The court also considers any indirect financial contributions to the acquisition and maintenance of the property. This may include where one party pays utility bills which may enable the other party to pay the mortgage.

Any non-financial contributions will also be taken into account. Examples of these are home making and parenting duties, such as driving the children to school.
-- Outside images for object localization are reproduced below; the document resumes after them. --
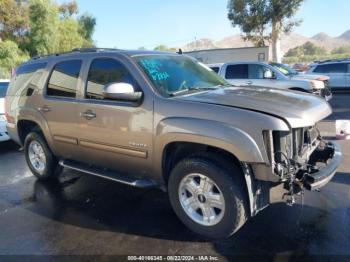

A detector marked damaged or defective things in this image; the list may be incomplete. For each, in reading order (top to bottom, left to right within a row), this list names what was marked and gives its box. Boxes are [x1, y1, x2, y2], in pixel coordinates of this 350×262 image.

damaged front bumper [302, 141, 340, 190]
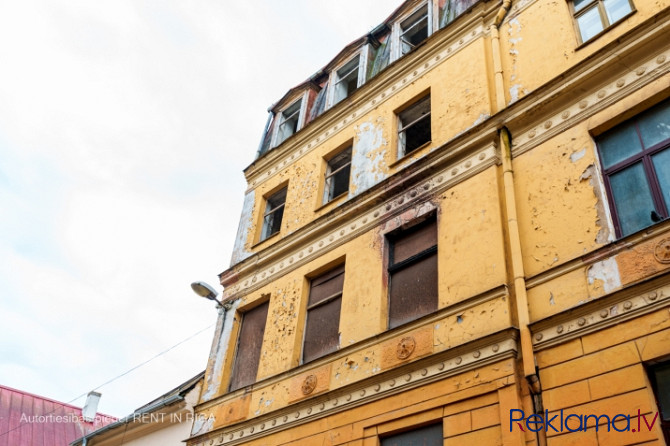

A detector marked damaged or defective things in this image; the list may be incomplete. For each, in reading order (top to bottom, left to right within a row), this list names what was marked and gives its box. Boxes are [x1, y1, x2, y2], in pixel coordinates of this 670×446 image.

broken window [400, 4, 430, 55]
broken window [572, 0, 636, 43]
broken window [332, 55, 360, 104]
broken window [276, 99, 304, 145]
broken window [402, 94, 434, 157]
broken window [324, 147, 354, 203]
peeling paint [352, 119, 388, 196]
broken window [596, 97, 668, 237]
peeling paint [230, 191, 253, 266]
broken window [262, 189, 288, 244]
broken window [388, 218, 440, 330]
peeling paint [588, 256, 624, 294]
broken window [304, 264, 346, 362]
broken window [230, 300, 270, 390]
rusty metal [231, 300, 270, 390]
broken window [648, 362, 668, 442]
broken window [380, 424, 444, 444]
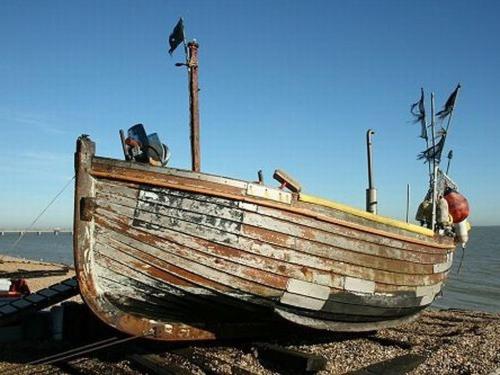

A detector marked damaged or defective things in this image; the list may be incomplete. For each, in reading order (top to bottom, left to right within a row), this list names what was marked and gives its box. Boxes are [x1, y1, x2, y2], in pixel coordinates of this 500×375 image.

rusty metal hull [74, 137, 458, 340]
The court also considers when the other parent’s main priority is to be the breadwinner of the house.

When the court considers the contribution, there is a discretion by the court to determine the weight to be given on each contribution.

 

Step 3: Evaluating each party’s future needs

Further to assessing the contributions made by each party to the settlement, the courts must evaluate the future needs of the party before negotiating a property settlement.

Under the Family Law Act, the court shall take into account the following:

(a) the age and state of health of each of the parties; and

(b) the income, property and financial resources of each of the parties and the physical and mental capacity of each of them for appropriate gainful employment; and

(c) whether either party has the care or control of a child of the marriage who has not attained the age of 18 years; and

(d) commitments of each of the parties that are necessary to enable the party to support:

(i) himself or herself; and

(ii) a child or another person that the party has a duty to maintain; and

(e) the responsibilities of either party to support any other person; and

(f) the eligibility of either party for a pension, allowance or benefit under:

(i) any law of the Commonwealth, of a State or Territory or of another country; or

(ii) any superannuation fund or scheme, whether the fund or scheme was established, or operates, within or outside Australia;

and the rate of any such pension, allowance or benefit being paid to either party; and

(g) where the parties have separated or divorced, a standard of living that in all the circumstances is reasonable; and

(h) the extent to which the payment of maintenance to the party whose maintenance is under consideration would increase the earning capacity of that party by enabling that party to undertake a course of education or training or to establish himself or herself in a business or otherwise to obtain an adequate income; and

(ha) the effect of any proposed order on the ability of a creditor of a party to recover the creditor’s debt, so far as that effect is relevant; and

(j) the extent to which the party whose maintenance is under consideration has contributed to the income, earning capacity, property and financial resources of the other party; and

(k) the duration of the marriage and the extent to which it has affected the earning capacity of the party whose maintenance is under consideration; and

(l) the need to protect a party who wishes to continue that party’s role as a parent; and

(m) if either party is cohabiting with another person—the financial circumstances relating to the cohabitation; and

(n) the terms of any order made or proposed to be made:

(i) the property of the parties; or

(ii) vested bankruptcy property in relation to a bankrupt party; and

(naa) the terms of any order or declaration made, or proposed to be made, under Part VIIIAB in relation to:

(i) a party to the marriage; or

(ii) a person who is a party to a de facto relationship with a party to the marriage; or

(iii) the property of a person covered by subparagraph (i) and of a person covered by subparagraph (ii), or of either of them; or

(iv) vested bankruptcy property in relation to a person covered by subparagraph (i) or (ii); and

(na) any child support and

(o) any fact or circumstance which, in the opinion of the court, the justice of the case requires to be taken into account; and

(p) the terms of any financial agreement that is binding on the parties to the marriage; and

 

Step 4: The Court must be satisfied in all the circumstances of the case, that it is just and equitable to make the orders

The final step in a property settlement is for the court to be satisfied that, in all circumstances, it is just and equitable to make the order it has deemed appropriate from the evidence that has been provided. Our firm is able to give you advice on what the courts deem appropriate in these circumstances.

Note the above processes are not applicable to financial agreements that is binding on the parties.